* _ACTIVITY_
Copy out the full data exactly as given; pictures should not be included.

* _SOURCE MATERIAL_
----
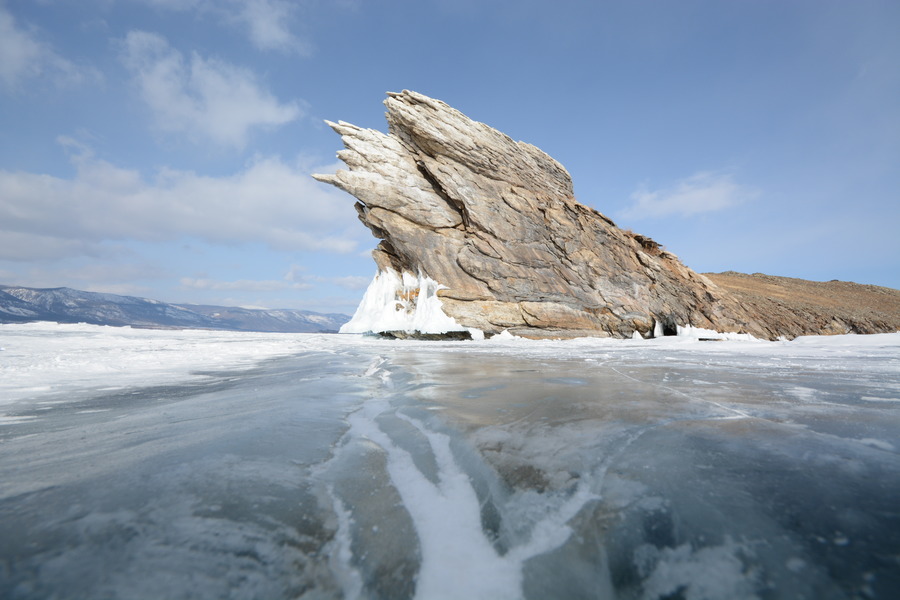 Winter landscape with ice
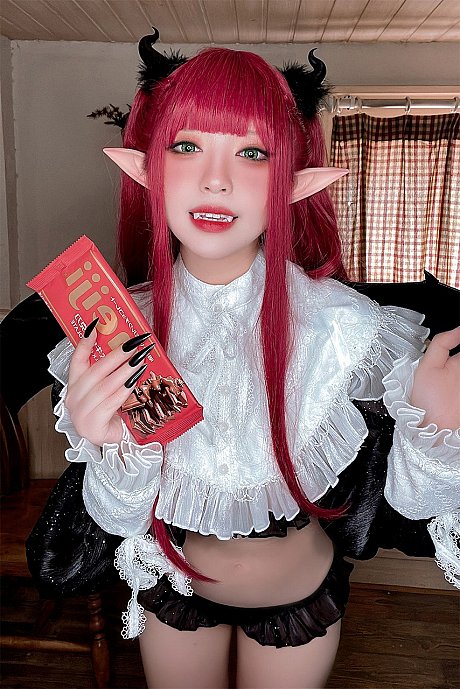 Ginger Head asian babe with pointy ears Liz poses in a seductive undergarment - Image 8 of 10  in Asian category  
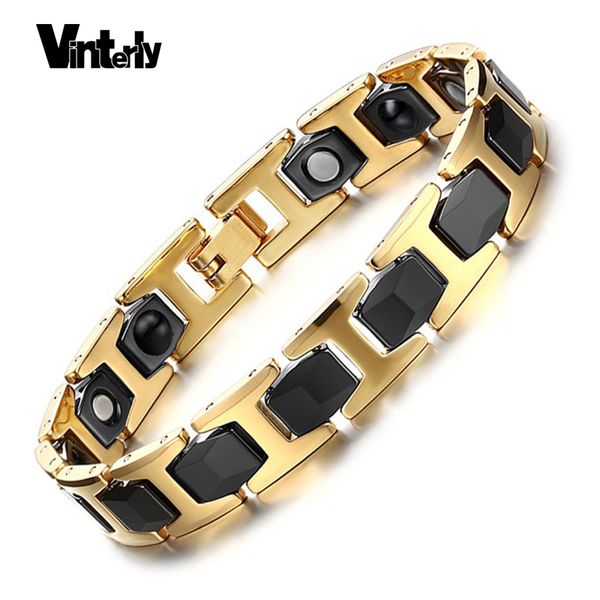 vintely korea mens health energy black ceramic bio magnetic germanium bracelets gold color stainless steel jewelry
vintely korea mens health energy black ceramic bio magnetic germanium bracelets gold color stainless steel jewelry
----
* _SOLUTION_
 Winter landscape with ice
 Ginger Head asian babe with pointy ears Liz poses in a seductive undergarment - Image 8 of 10  in Asian category  
 vintely korea mens health energy black ceramic bio magnetic germanium bracelets gold color stainless steel jewelry
vintely korea mens health energy black ceramic bio magnetic germanium bracelets gold color stainless steel jewelry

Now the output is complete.